[[ Data in this exercise open ]]

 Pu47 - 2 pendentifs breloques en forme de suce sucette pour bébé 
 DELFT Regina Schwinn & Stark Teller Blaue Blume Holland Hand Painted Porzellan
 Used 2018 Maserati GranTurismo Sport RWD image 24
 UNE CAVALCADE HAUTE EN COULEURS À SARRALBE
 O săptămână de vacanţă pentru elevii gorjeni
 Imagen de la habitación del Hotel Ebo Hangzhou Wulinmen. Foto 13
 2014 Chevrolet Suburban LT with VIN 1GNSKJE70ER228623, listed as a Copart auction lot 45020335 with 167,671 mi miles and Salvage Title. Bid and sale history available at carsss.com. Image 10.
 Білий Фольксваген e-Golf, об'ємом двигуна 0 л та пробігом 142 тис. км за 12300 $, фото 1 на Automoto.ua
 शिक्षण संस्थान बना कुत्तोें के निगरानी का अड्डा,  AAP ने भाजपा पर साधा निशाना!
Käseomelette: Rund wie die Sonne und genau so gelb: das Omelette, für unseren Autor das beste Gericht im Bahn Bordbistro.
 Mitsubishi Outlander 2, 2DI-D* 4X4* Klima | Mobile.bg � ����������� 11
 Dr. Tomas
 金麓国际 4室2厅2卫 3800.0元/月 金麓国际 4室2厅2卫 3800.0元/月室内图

[[ Data in this exercise closed ]]

◆ **What the task asks**:
Give back exactly the lines from the one containing "2014 Chevrolet Suburban" to the end of the material, both ends included.

◆ **Task result**:
 2014 Chevrolet Suburban LT with VIN 1GNSKJE70ER228623, listed as a Copart auction lot 45020335 with 167,671 mi miles and Salvage Title. Bid and sale history available at carsss.com. Image 10.
 Білий Фольксваген e-Golf, об'ємом двигуна 0 л та пробігом 142 тис. км за 12300 $, фото 1 на Automoto.ua
 शिक्षण संस्थान बना कुत्तोें के निगरानी का अड्डा,  AAP ने भाजपा पर साधा निशाना!
Käseomelette: Rund wie die Sonne und genau so gelb: das Omelette, für unseren Autor das beste Gericht im Bahn Bordbistro.
 Mitsubishi Outlander 2, 2DI-D* 4X4* Klima | Mobile.bg � ����������� 11
 Dr. Tomas
 金麓国际 4室2厅2卫 3800.0元/月 金麓国际 4室2厅2卫 3800.0元/月室内图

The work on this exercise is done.